The camera lacks a brain, and because the two reflected images are at different effective distances, one of them may be out of focus at the film plane. This enhances the effect, as does the bright, undiffused EF. If the flash hits the mirror, and is then reflected onto the subject, you effectively have multiple sharp light sources creating multiple shadows in multiple directions. Plus, you may have projected reflections of other bright and/or shiny objects nearby.
I seem to be a lot better at describing than solving, but the reflections from the front mirror surface can be minimized by polarization, and the judicious use of barndoors and scrims can solve most of the problems created by the light-source reflections.
-- Lyle Aldridge (firstname.lastname@example.org), July 12, 2001.
Is this double image only in the mirror reflections by any chance? I can't believe there's anyone that doesn't know that you get a double reflection from a rear silvered mirror!
-- Pete Andrews (email@example.com), July 13, 2001.

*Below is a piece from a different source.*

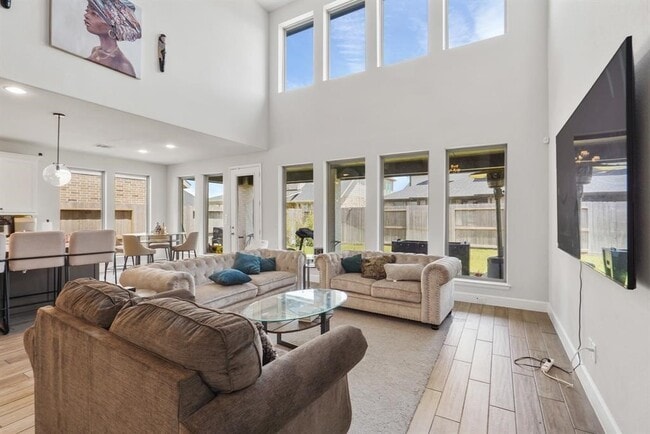 Building Photo - 5107 Albany Shores Ln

Thank you very much for your extensive reply. It really helped me better understand what may have happened. Despite the arrogant and condescending calumny of Pete Andrews's response, I was NOT aware that one mirror could wreak such acutance havoc across an entire picture field. To be sure, I am still having trouble coming to grips with the notion that a whole picture could become bathed in a kind of maddeningly subtle blurriness--across whole AREAS (such as a person's face) and NOT JUST ALONG EDGES, especially edges NOT directly facing or adjacent to the mirror-- and in places within the picture where I wouldn't have expected the mirror to have been able to bounce light TO. I mean the subject in my photograph was laying with her back, afterall, on top of the mirror and her head facing up to the camera, so, for example I don't quite know how the center of her face (her nose, for instance) could receive reflection from this perspective and subsequently become blurred, but maybe the refracted light rays somehow reached there... And as I just mentioned, all of this didn't just amount to a breakdown of sharpness along edges, but across areas too... Maybe the fact that these "areas" acted like different "geometric planes" within the picture with respect to the light source and mirror, that they in turn ended up reflecting or receiving reflected light in the way that the edges did too...
Lyle, do you think that if I put a polarizing filter over the lens that all of this VERY VERY SUBTLE GHOSTING and DOUBLENESS of LIGHT would be eliminated COMPLETELY? I absolutely need for these pictures to be razor sharp, as they will need to stand enlargement by a large factor, from a 4 x 5 negative to mural size.
Also, is it possible to purchase SINGLE-coated mirrors in very large sizes (4 ft x 5 ft), and if so, would that then cut down or completely eliminate edge/area blurriness? Or would the reflection from just one layer of mirror coating still wreak sharpness havoc?